Required action → Your answer must be a word-for-word copy of the data.

Data in this exercise →
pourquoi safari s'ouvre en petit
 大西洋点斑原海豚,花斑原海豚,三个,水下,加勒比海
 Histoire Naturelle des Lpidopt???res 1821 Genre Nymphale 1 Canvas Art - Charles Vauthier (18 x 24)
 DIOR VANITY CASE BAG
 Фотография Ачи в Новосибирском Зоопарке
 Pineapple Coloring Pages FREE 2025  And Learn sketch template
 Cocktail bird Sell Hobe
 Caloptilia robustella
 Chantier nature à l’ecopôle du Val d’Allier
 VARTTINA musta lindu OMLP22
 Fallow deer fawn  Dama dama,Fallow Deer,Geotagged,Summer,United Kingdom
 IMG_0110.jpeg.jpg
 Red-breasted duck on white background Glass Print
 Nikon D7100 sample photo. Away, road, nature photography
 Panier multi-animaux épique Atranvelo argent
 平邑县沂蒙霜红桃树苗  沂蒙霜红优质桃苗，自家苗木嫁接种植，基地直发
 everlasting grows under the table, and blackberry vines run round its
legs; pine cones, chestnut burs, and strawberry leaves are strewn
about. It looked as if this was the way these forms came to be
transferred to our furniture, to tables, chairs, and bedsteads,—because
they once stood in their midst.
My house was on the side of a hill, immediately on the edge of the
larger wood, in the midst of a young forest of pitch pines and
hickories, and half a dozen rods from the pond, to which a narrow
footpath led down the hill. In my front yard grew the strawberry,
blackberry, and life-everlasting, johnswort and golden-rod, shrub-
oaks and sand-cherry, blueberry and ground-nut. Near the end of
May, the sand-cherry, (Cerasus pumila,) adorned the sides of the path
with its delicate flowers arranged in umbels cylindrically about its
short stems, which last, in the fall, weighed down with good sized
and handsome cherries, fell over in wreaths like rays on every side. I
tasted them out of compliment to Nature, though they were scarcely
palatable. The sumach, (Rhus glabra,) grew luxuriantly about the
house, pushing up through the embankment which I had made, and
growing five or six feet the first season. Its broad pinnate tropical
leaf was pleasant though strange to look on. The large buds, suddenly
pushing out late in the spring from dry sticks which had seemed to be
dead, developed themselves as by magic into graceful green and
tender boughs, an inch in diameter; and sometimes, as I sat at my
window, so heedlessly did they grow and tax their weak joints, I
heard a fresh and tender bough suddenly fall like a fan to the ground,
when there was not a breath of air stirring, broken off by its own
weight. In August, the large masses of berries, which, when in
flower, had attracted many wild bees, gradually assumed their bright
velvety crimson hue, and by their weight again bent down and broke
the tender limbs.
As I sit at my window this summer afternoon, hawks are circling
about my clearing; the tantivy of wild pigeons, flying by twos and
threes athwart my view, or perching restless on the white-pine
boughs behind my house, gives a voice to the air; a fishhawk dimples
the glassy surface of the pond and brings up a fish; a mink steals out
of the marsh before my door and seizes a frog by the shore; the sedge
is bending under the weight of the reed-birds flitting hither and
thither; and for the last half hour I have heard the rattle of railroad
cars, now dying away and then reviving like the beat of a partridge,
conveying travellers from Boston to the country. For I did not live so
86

Solution for this exercise →
pourquoi safari s'ouvre en petit
 大西洋点斑原海豚,花斑原海豚,三个,水下,加勒比海
 Histoire Naturelle des Lpidopt???res 1821 Genre Nymphale 1 Canvas Art - Charles Vauthier (18 x 24)
 DIOR VANITY CASE BAG
 Фотография Ачи в Новосибирском Зоопарке
 Pineapple Coloring Pages FREE 2025  And Learn sketch template
 Cocktail bird Sell Hobe
 Caloptilia robustella
 Chantier nature à l’ecopôle du Val d’Allier
 VARTTINA musta lindu OMLP22
 Fallow deer fawn  Dama dama,Fallow Deer,Geotagged,Summer,United Kingdom
 IMG_0110.jpeg.jpg
 Red-breasted duck on white background Glass Print
 Nikon D7100 sample photo. Away, road, nature photography
 Panier multi-animaux épique Atranvelo argent
 平邑县沂蒙霜红桃树苗  沂蒙霜红优质桃苗，自家苗木嫁接种植，基地直发
 everlasting grows under the table, and blackberry vines run round its
legs; pine cones, chestnut burs, and strawberry leaves are strewn
about. It looked as if this was the way these forms came to be
transferred to our furniture, to tables, chairs, and bedsteads,—because
they once stood in their midst.
My house was on the side of a hill, immediately on the edge of the
larger wood, in the midst of a young forest of pitch pines and
hickories, and half a dozen rods from the pond, to which a narrow
footpath led down the hill. In my front yard grew the strawberry,
blackberry, and life-everlasting, johnswort and golden-rod, shrub-
oaks and sand-cherry, blueberry and ground-nut. Near the end of
May, the sand-cherry, (Cerasus pumila,) adorned the sides of the path
with its delicate flowers arranged in umbels cylindrically about its
short stems, which last, in the fall, weighed down with good sized
and handsome cherries, fell over in wreaths like rays on every side. I
tasted them out of compliment to Nature, though they were scarcely
palatable. The sumach, (Rhus glabra,) grew luxuriantly about the
house, pushing up through the embankment which I had made, and
growing five or six feet the first season. Its broad pinnate tropical
leaf was pleasant though strange to look on. The large buds, suddenly
pushing out late in the spring from dry sticks which had seemed to be
dead, developed themselves as by magic into graceful green and
tender boughs, an inch in diameter; and sometimes, as I sat at my
window, so heedlessly did they grow and tax their weak joints, I
heard a fresh and tender bough suddenly fall like a fan to the ground,
when there was not a breath of air stirring, broken off by its own
weight. In August, the large masses of berries, which, when in
flower, had attracted many wild bees, gradually assumed their bright
velvety crimson hue, and by their weight again bent down and broke
the tender limbs.
As I sit at my window this summer afternoon, hawks are circling
about my clearing; the tantivy of wild pigeons, flying by twos and
threes athwart my view, or perching restless on the white-pine
boughs behind my house, gives a voice to the air; a fishhawk dimples
the glassy surface of the pond and brings up a fish; a mink steals out
of the marsh before my door and seizes a frog by the shore; the sedge
is bending under the weight of the reed-birds flitting hither and
thither; and for the last half hour I have heard the rattle of railroad
cars, now dying away and then reviving like the beat of a partridge,
conveying travellers from Boston to the country. For I did not live so
86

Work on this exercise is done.